Hidden Markov Models
Study case of a Hidden Markov Model for continuous data. The model is created in Tensorflow
Data is generated using a trasition matrix:
A = np.array([
[0.9, 0.025, 0.025, 0.025, 0.025],
[0.025, 0.9, 0.025, 0.025, 0.025],
[0.025, 0.025, 0.9, 0.025, 0.025],
[0.025, 0.025, 0.025, 0.9, 0.025],
[0.025, 0.025, 0.025, 0.025, 0.9],
])
The mixture components:
R = np.ones((M, K)) / K
The mu locations:
mu = np.array([
[[0, 0], [1, 1], [2, 2]],
[[5, 5], [6, 6], [7, 7]],
[[10, 10], [11, 11], [12, 12]],
[[15, 15], [16, 16], [17, 17]],
[[20, 20], [21, 21], [22, 22]],
])
And the covariance matrices:
sigma[m, k] = np.identity(D)
The tensorflow model follows the scaled version of Forward Algorithm for HMM to support long sequences.
To calculate B we just sum over all k states of
R[j, k]*likelihood(x(t) | mu[j, k], sigma[j, k])
The backward algorithm and the Baum-Welch are not used as the loss can be calculated directy with the negative of the log probability of a sequence.
To calculate the alpha matrix we use the tensorflow scan operator to create a recurrent function.
def recursion(old_a_old_c, t):
at = tf.matmul(old_a_old_c[0], A_softmax) * B_tf[:, t]
c = tf.reduce_sum(at)
at/=c;
return (at, c)
The cost of a sample is calculated as the log of that sequence probability.

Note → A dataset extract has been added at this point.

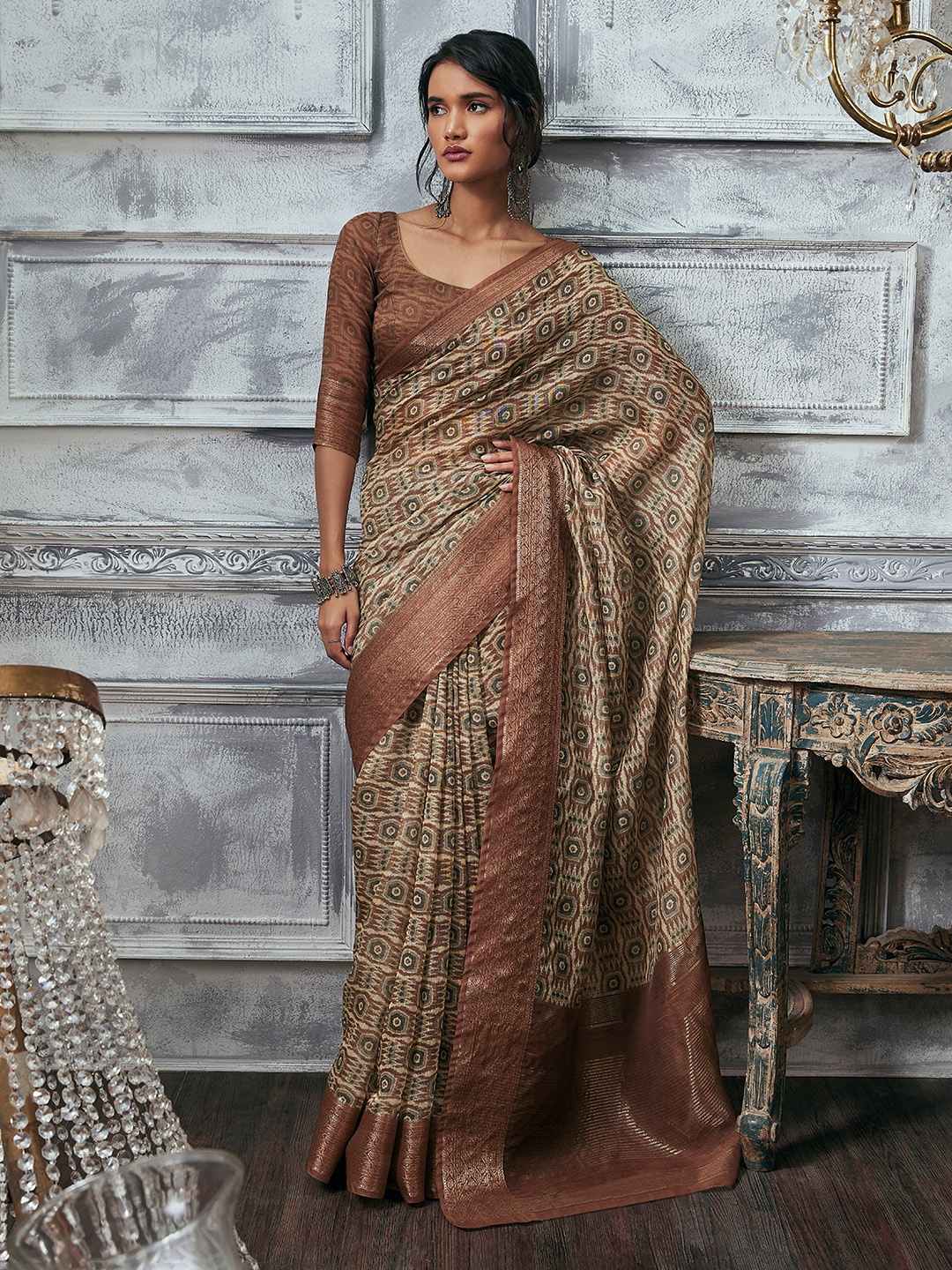 

Soch Geometric Printed Saree, Beige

We use the log because as the sequence length gets larger the probability becomes close to zero creating an underflow problem.
cost = -tf.reduce_sum(tf.log(cs)/tf.log(2.0))
We can then use gradient descent or another optimization algorithm to update the matrices.
opt_step = tf.train.AdamOptimizer(learning_rate = 0.01).minimize(cost)
After the test data is generated, the HMM is trained and the training costs are plotted.
Study case where generative models such as HMMs can be used in conjunction with the Bayes Rule to create a discriminator.
The code for a disrete HMM is similar to the continuous case. However, we can model the matrix B (observations matrix) directly and normalize its entries.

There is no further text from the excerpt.